Multiplying two complex numbers results in their absolute values being multiplied and the arguments being added:

\begin{split} \begin{align} z_1 \cdot z_2 & = r_1(\cos \varphi_1 + i \sin \varphi_1) \cdot r_2(\cos \varphi_2 + i \sin \varphi_2) \\ & = r_1 r_2 (\cos (\varphi_1 + \varphi_2) + i \sin(\varphi_1 + \varphi_2)) \end{align} \end{split}

For the multiplicative inverse we have

\begin{split} \begin{align} z^{-1} & = \frac{1}{r(\cos \varphi + i \sin \varphi)} \cdot \frac{cos \varphi - i \sin \varphi}{cos \varphi - i \sin \varphi} = \frac{\cos \varphi - i \sin \varphi}{r( \cos^2 \varphi + \sin^2 \varphi)} \\ & = \frac{1}{r} (\cos \varphi - i \sin \varphi) \end{align} \end{split}

Properties of $$|z|$$ and arg($$z$$)

Let us summarise our findings in the form of the following equalities:

$| z_1 \cdot z_2 | = |z_1| \cdot |z_2| = r_1 r_2, \quad \text{arg}(z_1 \cdot z_2) = \text{arg}(z_1) + \text{arg}(z_2),$
$|z^{-1}| = |z|^{-1} = r^{-1}, \quad \text{arg}(z^{-1}) = -\text{arg}(z)$

where $$z_1, z_2 \neq 0$$. By induction we get:

$|z^n| = |z|^n, \quad \text{arg}(z^n) = n\text{arg}(z), \quad \forall n \in \mathbb{Z}.$

# Polar form#

The property $$\text{arg}(z_1 \cdot z_2) = \text{arg}(z_1) + \text{arg}(z_2)$$ might remind us of logarithms, where $$\log (a \cdot b) = \log a + \log b$$. This is not a coincidence!

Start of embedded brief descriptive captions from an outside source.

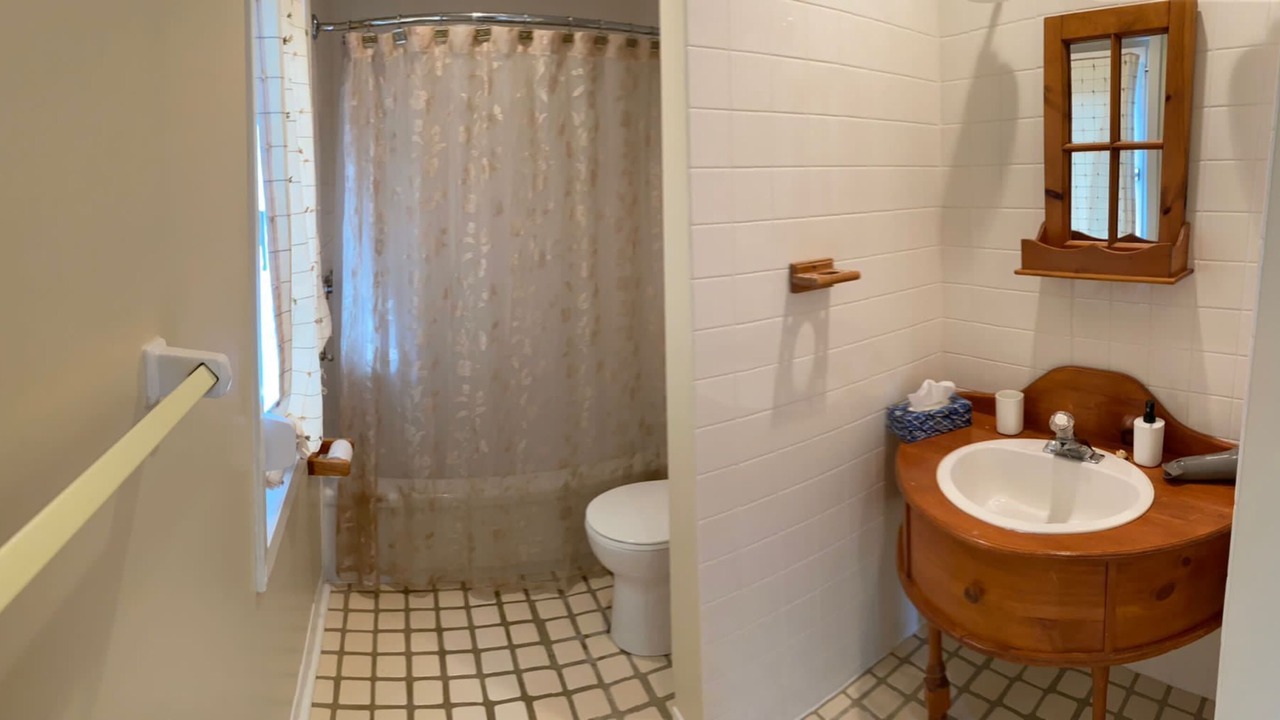 Photo of Bathroom in Lagoon City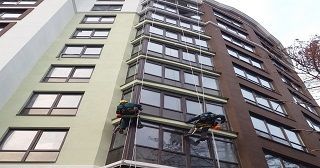 Установка крыши на балкон Сибай цена от 1047 руб. м/2.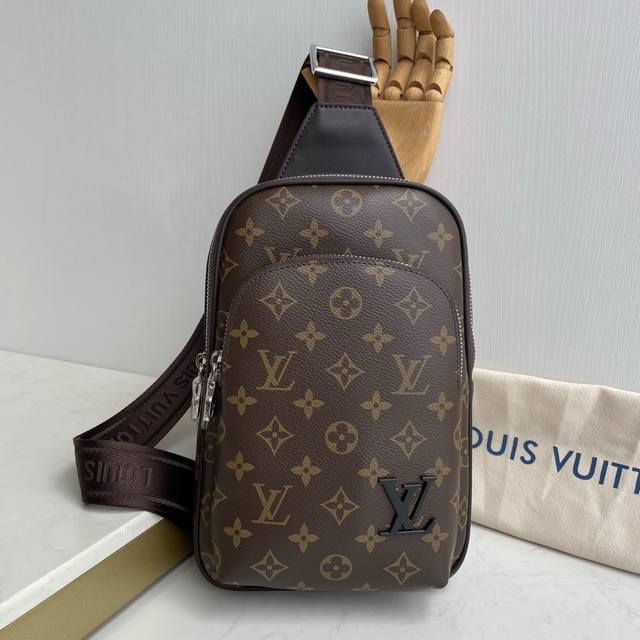 New Louis Vuitton LV Chest Bag, made with imported Taiwanese materials and impo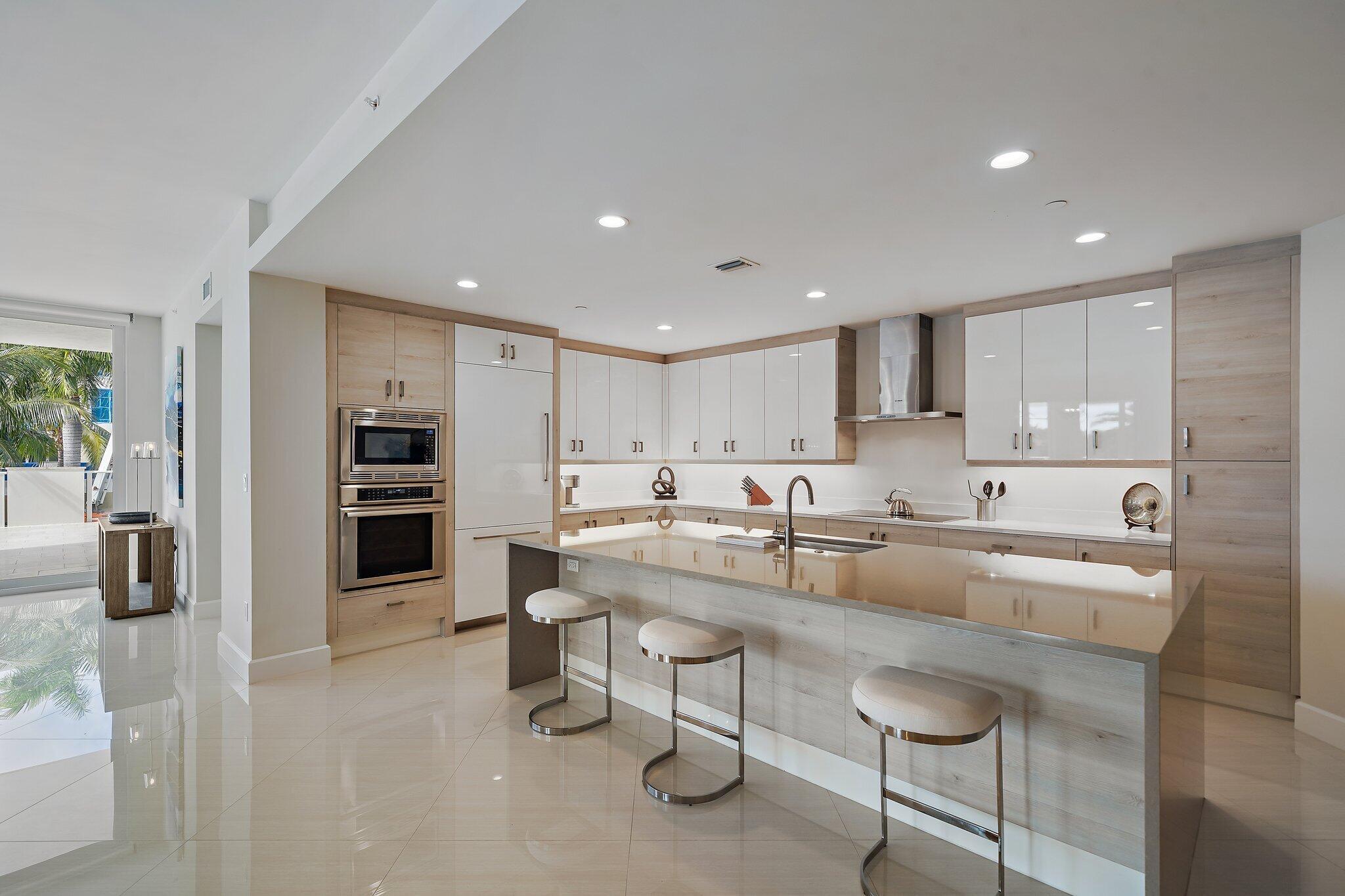 AZURE CONDO - Residential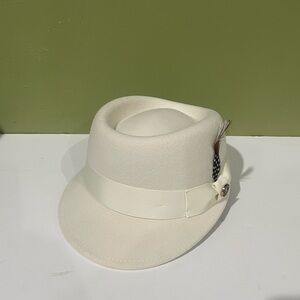 Bruno Capelo cap hat Australia wool ivory baseball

The exponential function, which we will look at in the next chapter, allows us to write complex numbers in a polar form:

$z = r e^{i \varphi}$

where we have used the Euler’s formula:

$e^{i \varphi} = \cos(\varphi) + i \sin (\varphi).$

In this representation, certain operations become much easier. For example,

$z_1 \cdot z_2 = r_1 r_2 e^{i(\varphi_1 + \varphi_2)}, \quad z^n = r^n e^{in \varphi}$

for all powers $$n \in \mathbb{Z}$$. If we write this using a complex number with unit modulus we recover de Moivre’s formula:

$(\cos \varphi + i \sin \varphi)^n = (e^{i \varphi})^n = e^{in \varphi} = \cos (n \varphi) + i \sin (n \varphi).$

Tip: Trigonometric identities

Trigonometric identities are also much easier to be recovered this way. For example, let us think about angle addition $$\theta + \varphi$$.

$e^{i(\theta + \varphi)} = e^{i \theta} e^{i \varphi}$

We Apply Euler’s formula to each complex number.

\begin{split}\begin{align} \cos (\theta + \varphi) + i \sin(\theta + \varphi) & = (\cos \theta + i \sin \theta)(\cos \varphi + i \sin \varphi) \\ & = \cos \theta \cos \varphi + i \cos \theta \sin \varphi + i \sin \theta \cos \varphi + i^2 \sin \theta \sin \varphi \\ & = (\cos \theta \cos \varphi - \sin \theta \sin \varphi) + i(\cos \theta \sin \varphi + \sin \theta \cos \varphi) \end{align} \end{split}

Equate real and imaginary parts on both sides:

$\begin{split}\cos (\theta + \varphi) = \cos \theta \cos \varphi - \sin \theta \sin \varphi \\ \sin (\theta + \varphi ) = \cos \theta \sin \varphi + \sin \theta \cos \varphi \end{split}$

The reader is encouraged to try to recover other trigonometric identities.